# [Data shown]
- Opening Delimiter -
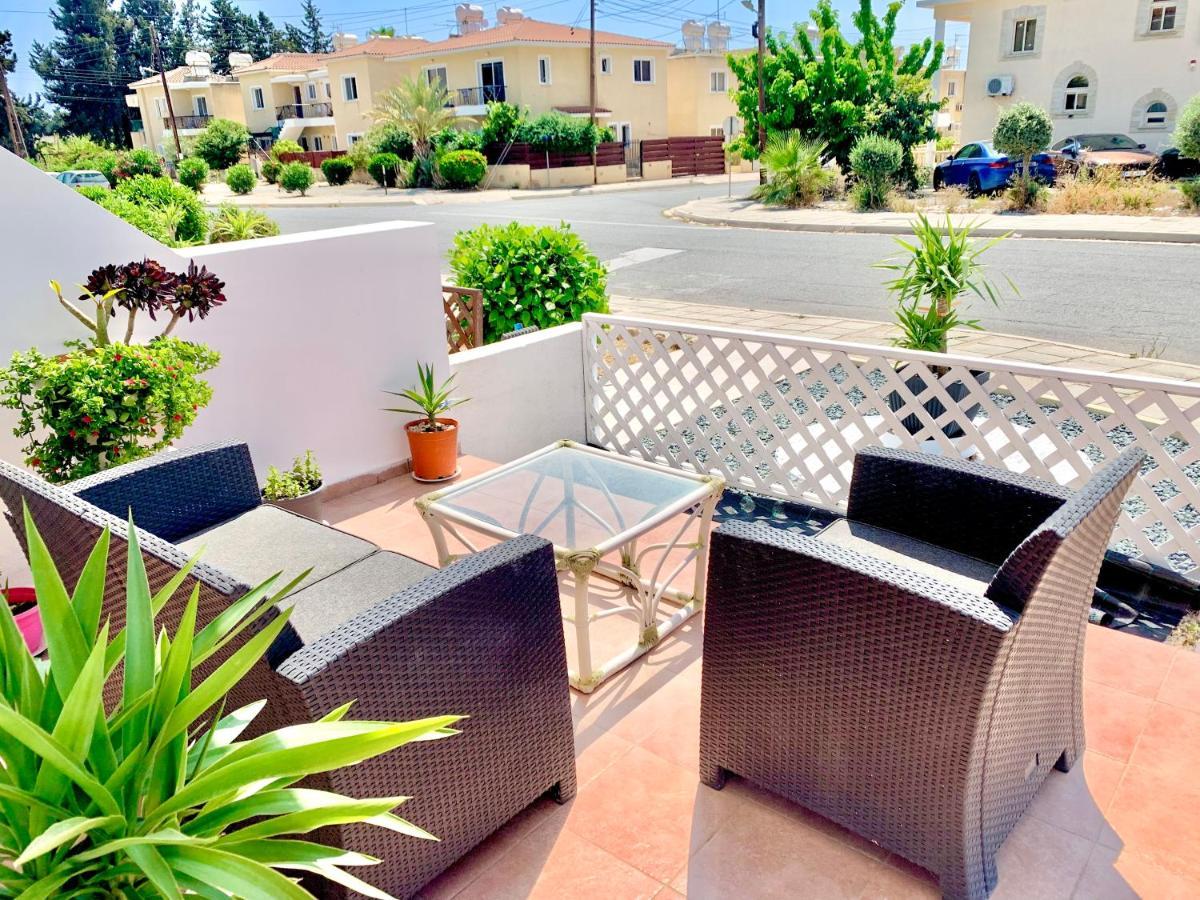 Diana Townhouse 1 Apartment Paphos ภายนอก รูปภาพ
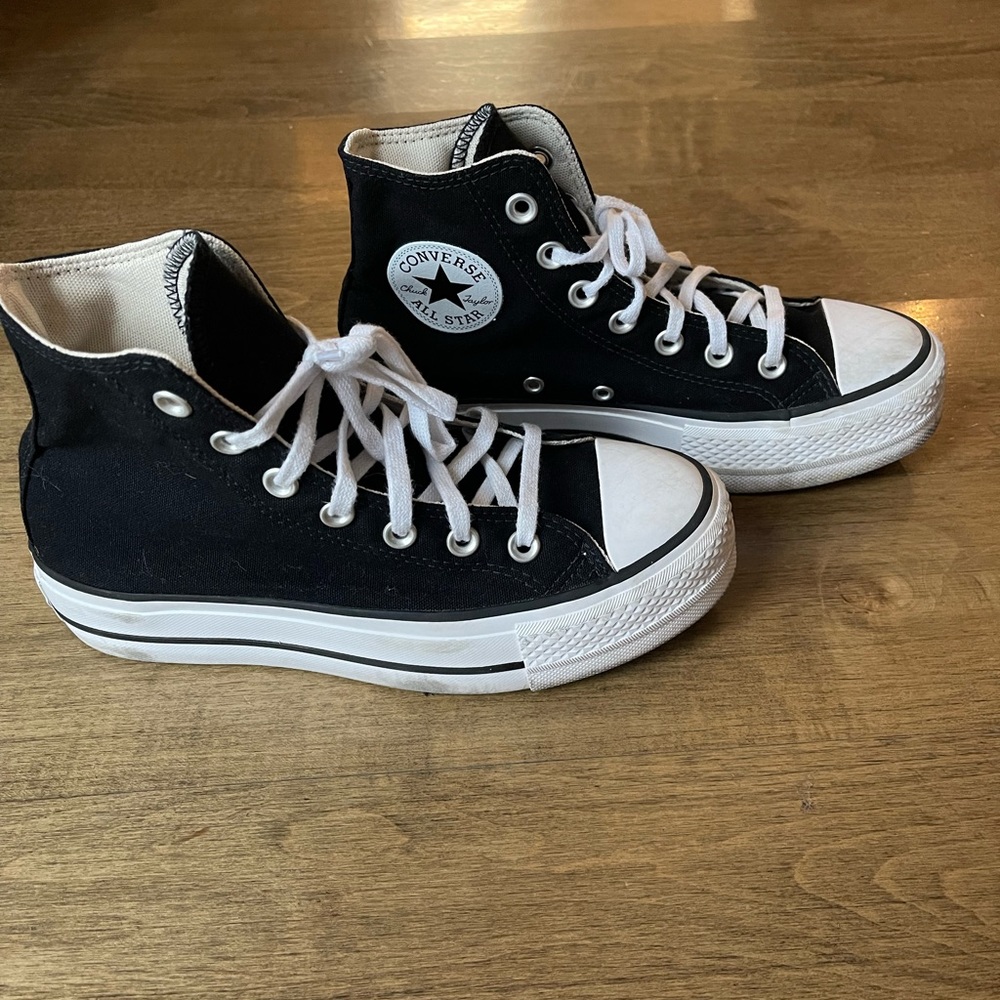 Black and white converse Chuck Taylor shoes 6.5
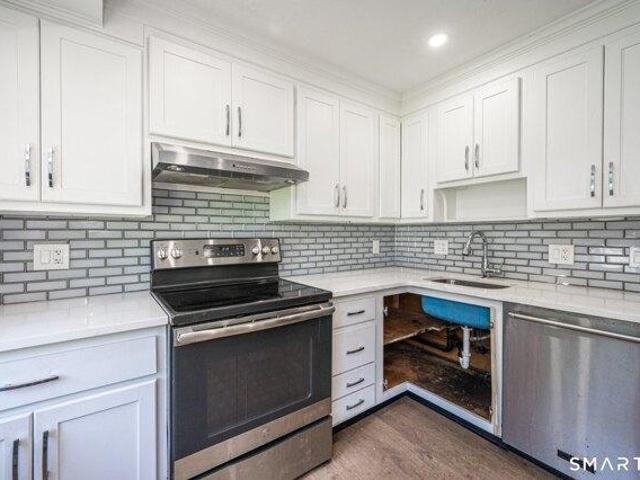 house with 3 bedroom, Norwalk CT ES105425716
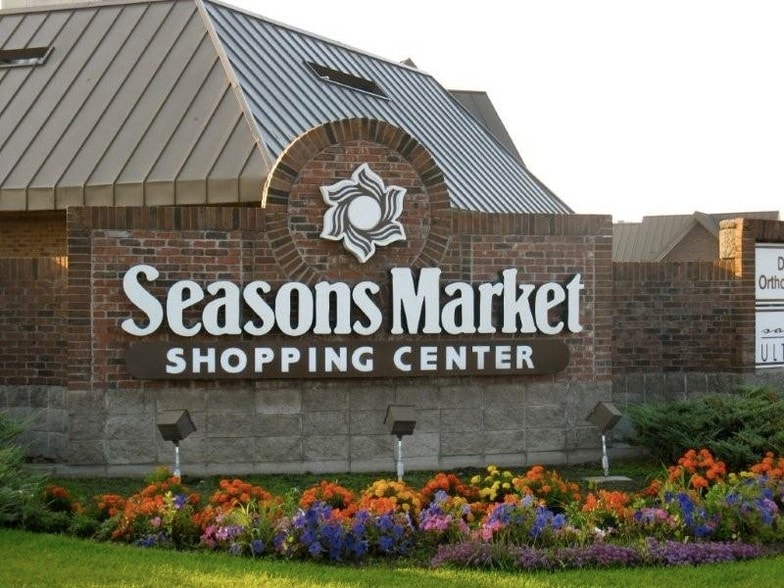 757-783 Radio Dr, Woodbury, MN à louer - Photo du bâtiment - Image 3 de 12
- Closing Delimiter -
# [About this task]
From the line holding "house with 3 bedroom, Norwalk CT ES105425716" to the last line of the listing, please output each line exactly as it stands. Pictures stay out of the copy.

# [Solution below]
 house with 3 bedroom, Norwalk CT ES105425716
 757-783 Radio Dr, Woodbury, MN à louer - Photo du bâtiment - Image 3 de 12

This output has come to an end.